In my experience that’s way less of a defining factor than people imagine it to be. When I hear this, and sometimes it’s from people who live here, I find myself wanting to lay out a whole briar patch of qualifications and “yes, but”-s. I can’t say I have a hard-and-fast opinion about it at this point, but it’s worth trying to puzzle out.

I mean, yes the exact thing the cliche posits definitely happens—for instance, this year journalist and MC Michael Penn II, AKA CRASHprez, graduated from UW-Madison and is moving away to the Twin Cities, and we’re definitely poorer for it—but that’s hardly the whole story. There are simply too many people, artists and audience members among them, who live here and aren’t tied to that cycle. And I think it’s worth maybe drawing a distinction between “college town” and what Madison really is, which is a “major public research university town” (our wonderful legislature’s efforts to turn it all into a smoldering anti-intellectual crater notwithstanding). And I realize I’m reinforcing another Madison stereotype—that our city is a real special snowflake and super navel-gazey—by writing about this, but oh hell, it’s true anyway.

Of course, there’s no denying that the university is the central economic force in Madison, and that it breeds a great amount of transience.
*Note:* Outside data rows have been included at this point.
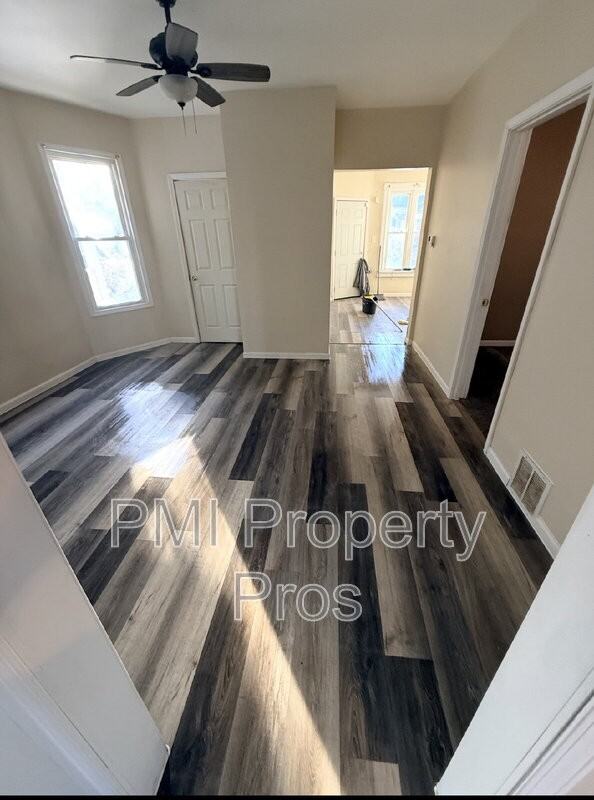 2530 N 28th St - Photo 3 of 4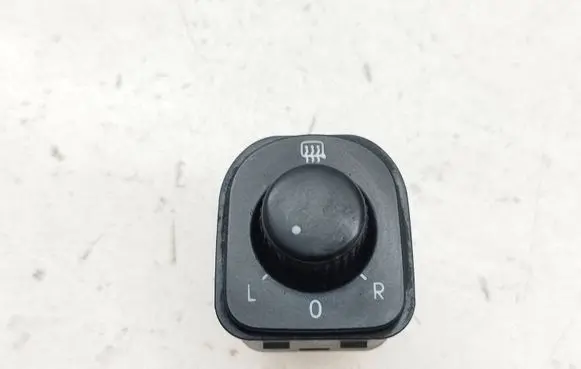 Volkswagen Tiguan Wing mirror switch 1K0959565H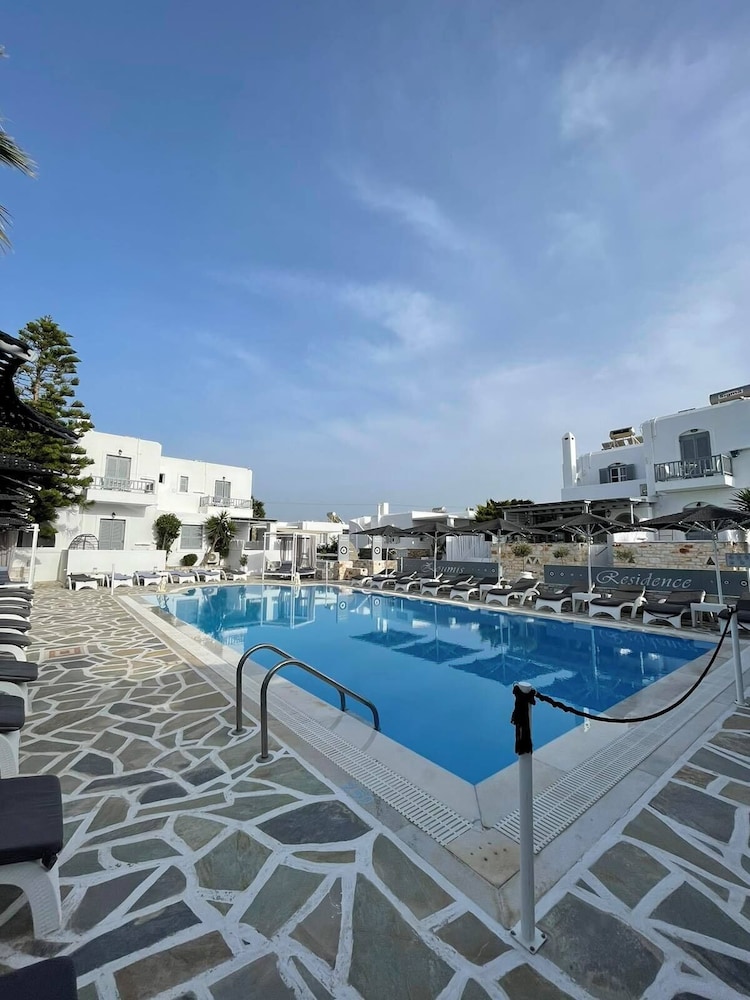 Zoumis Residence
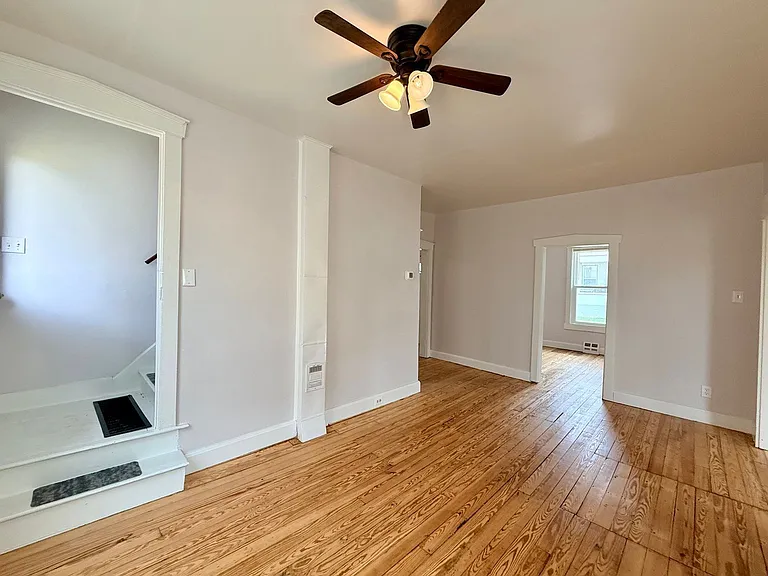 37 N Kinzer Rd — Photo 6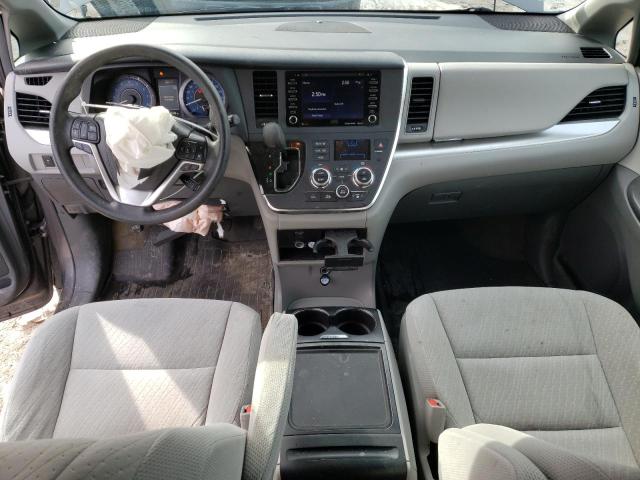 Photo 8 from auction – 2018 TOYOTA SIENNA LE with VIN 5TDJZ3DC4JS192277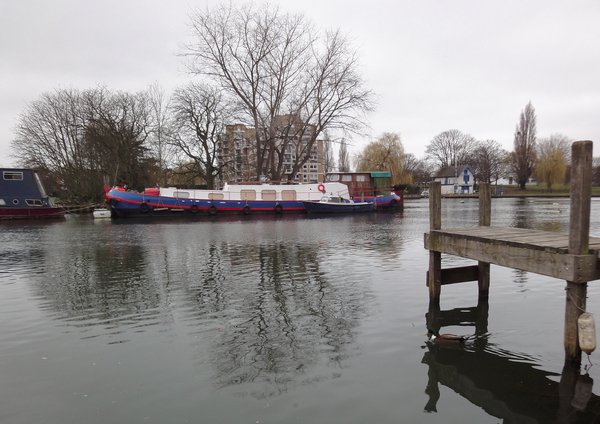 Thames scene at Kingston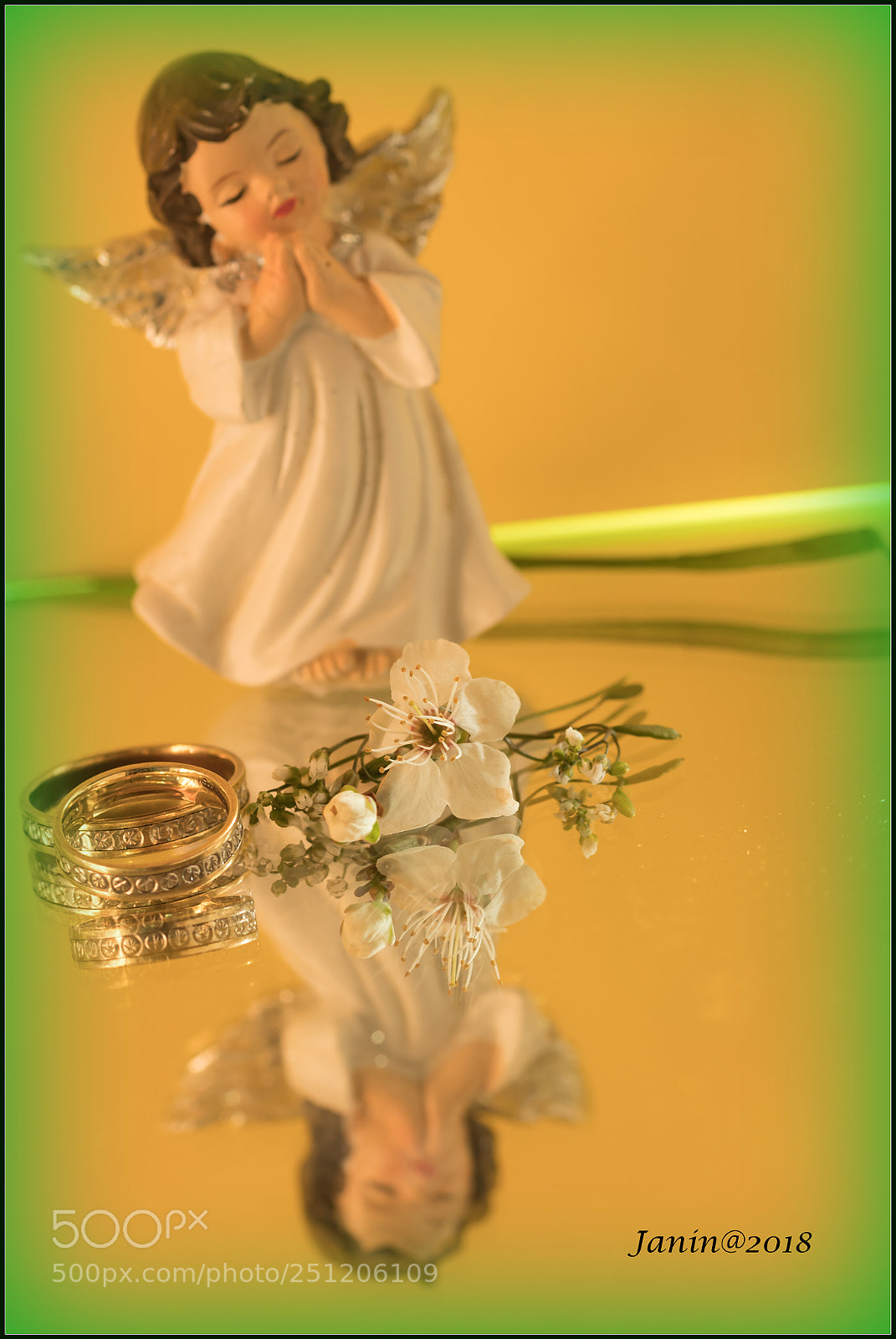 Canon EOS 77D (EOS 9000D / EOS 770D) sample photo. Wedding rings version 3 photography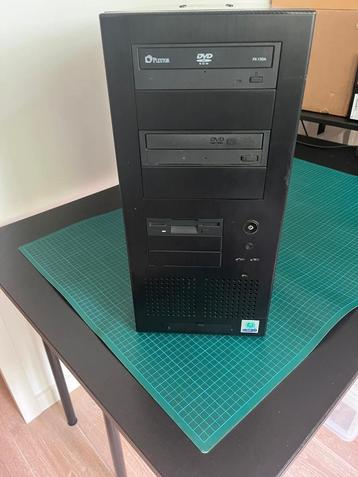 Computerkast Lian Li PC-60 serie beschikbaar voor biedingen
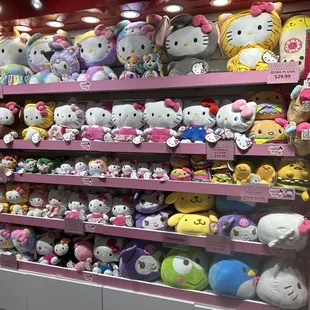 Sanrio plushies!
But it also breeds a lot of permanence, in the long-term employment it creates for thousands of faculty and staff, and in the economic activity it generates for local businesses. Plus, there are lots of people and neighborhoods in Madison that may be inexorably economically tied to UW-Madison, but culturally speaking are very removed from the transient student population. Not to mention people who grew up here and end up staying long-term—and for whatever reason I feel like I’m running into more and more of those people as I cover local music these days.

And there is a lot of transience, but not all of that transience is a product of UW. Moving away from Madison, and especially talking about moving away from Madison, is just part of the Madison thing, and it’s not always tied to someone’s academic career. Even people who successfully transplant themselves somewhere else for the long haul tend to retain a strong connection to Madison, and then there are of course those of us who’ve tried to move away but ended up crawling back, which adds a further interesting wrinkle to all this. (I’m still working on where people who try to run away and join ISIS fit into this bit of armchair sociology.)

For musicians, artists and other creative types I’ve known who’ve moved away, it’s rarely just a clean break—often, they end up still contributing to Madison, even if just in small, sporadic ways, but usually it’s more meaningful than just swinging through for the occasional show. And even if that’s not the case, the transience is part of what makes Madison interesting, not something we should see as just a disadvantage. Even when a particular individual doesn’t stay here in the long run, he or she may be helping to build something more lasting for Madison’s cultural community. For instance, CRASHprez, who I mentioned earlier, came here in part for UW-Madison’s First Wave Spoken Word and Hip Hop Arts Learning Community, which as brought a constant stream of talented young MCs/poets/dancers/playwrights through UW since it launched 2007, sprouting the annual Line Breaks Festival among other events.

Personally, I don’t think there’s so much transience here that the transience in itself is a damning obstacle to Madison having a healthy arts/music community. And especially in this relative lull that always happens after/between semesters, I tend to wonder if we ourselves make too much of it. I’d love to hear what other Madisonians think if you want to comment and join me in some Madison navel-gazing (of course you do, because Madison).